Espero que sim. Este é um projeto em que estou a trabalhar há muitos anos, é algo que projetei durante muito tempo e fui explorando pouco a pouco. Mas sim, ao terminar fiquei satisfeito porque é exatamente o que eu projetei e quis fazer durante muito tempo, mais tempo do que queria. Pessoalmente estou contente com o resultado deste projeto.

Gostava que os seus livros ganhassem outra vida através de novelas ou filmes?

Não. Acho muito bem que existam livros que sejam apenas livros, não lhes faz falta serem novelas, filmes ou videojogos. Não porque exista alguma coisa de errado com eles, mas neste caso para mim não faz sentido. Estes livros nasceram para serem livros sobre a literatura, a palavra escrita, a linguagem. Portanto seria um pouco absurdo adaptá-los a outro meio para que fiquem mais famosos. Não faz falta nenhuma. A versão definitiva e a que mais coisas transmite aos leitores é a que está nos livros.

É escritor há mais de 20 anos. Ainda está apaixonado pela profissão?

Sim e estou a desfrutar mais agora do que quando era mais jovem, era um trabalho mais duro. Para mim continua a ser interessante a possibilidade de explorar mundos, personagens, trabalhar a linguagem. Antes disto, os trabalhos que tinha estavam todos relacionados com a escrita e histórias. Quando era um miúdo pensei muitas vezes que me ia fartar, mas agora não, sei que continuo apaixonado pela literatura, pela escrita e, enquanto for assim, continuarei a escrever até morrer.

Onde vai buscar inspiração?

Para mim a inspiração é o trabalho. Não acredito muito na teoria de nos sentarmos à espera que as musas venham sussurrar-nos coisas ao ouvido, até mim elas não vêm, tenho de trabalhar, espremer o cérebro para que saia algo. Creio que a inspiração é mais a motivação, o desejo de explorar um personagem, um conflito, um mundo que tem intriga e tem de haver algo nesse mundo e nessa personagem que significa algo para ti. Para mim é essa a inspiração. Só as pessoas que não conhecem o processo é que acreditam que as musas vêm com as suas harpas e nos inspiram. Isso não acontece.

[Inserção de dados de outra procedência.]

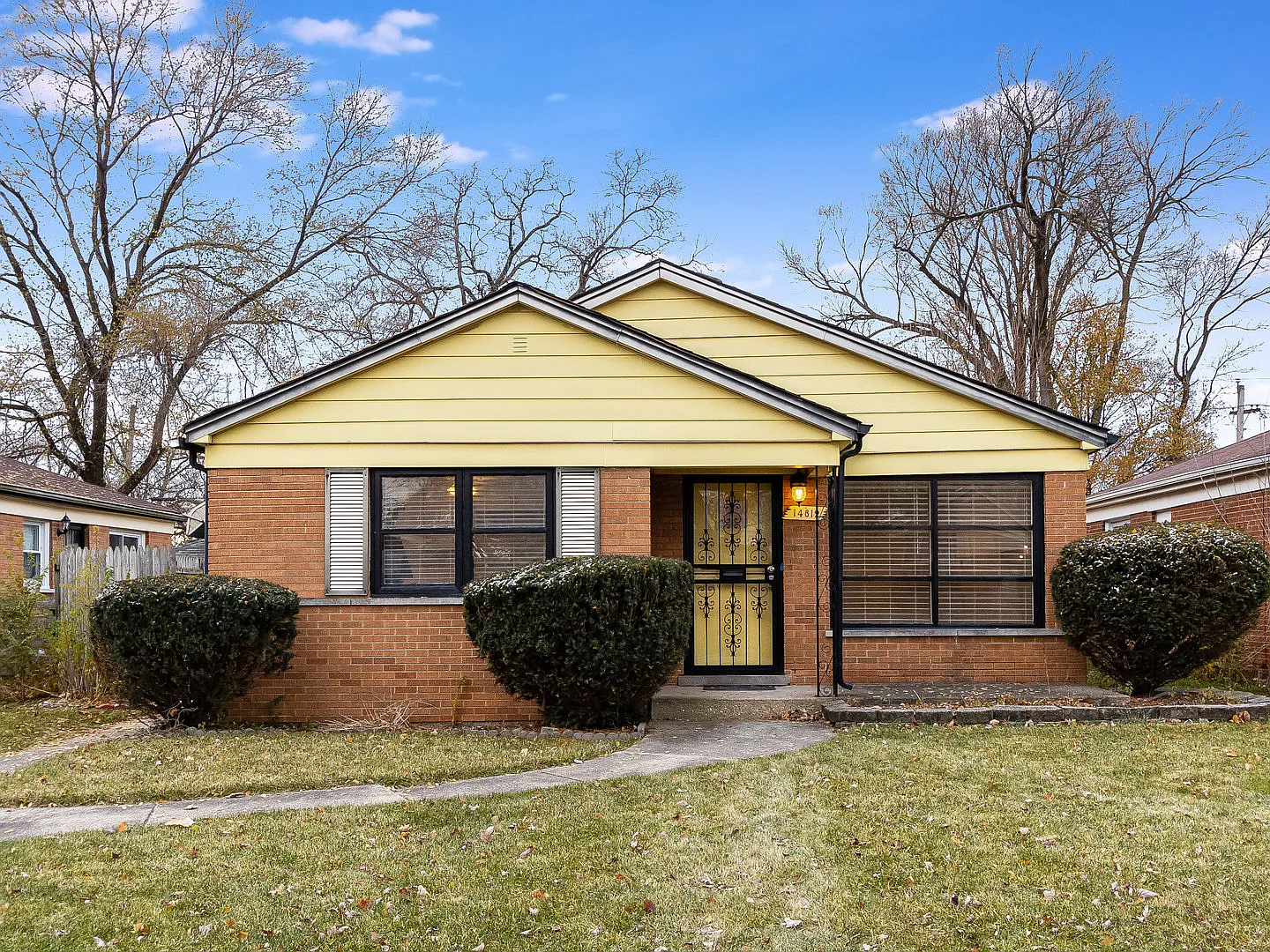 14812 Michigan Ave photo 1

É muito exigente consigo no processo de escrita?

Sim porque é o meu trabalho, quero que as coisas sejam como eu quero que sejam. Escrevo, reescrevo. É esse o processo.

Já está a escrever um novo livro?

Não. Acabei este ciclo no verão e neste momento estou a pensar em várias possibilidades e vários projetos. Ainda não me decidi, mas acho que vou deixar passar algum tempo. Às vezes só sabes que projeto vais fazer dois minutos antes de começá-lo. Há uma ideia e sentes que precisa de ser explorada.

Pretende voltar a escrever uma tetralogia ou trilogia?

Não. Este foi um projeto que tive durante muitos anos. Queria construir um grande labirinto de histórias que se podia explorar e ler seguindo diferentes ordens. Era o grande desafio e trabalhei para concretizá-lo. Nenhum dos projetos que tenho em mente neste momento é uma saga ou algo semelhante. Esta é uma coisa que só se faz uma vez na vida. Não devo fazer mais nada do género. Pode surgir uma ideia diferente e eu querer avançar com isso, mas neste momento acho que não vai acontecer. Uma já basta.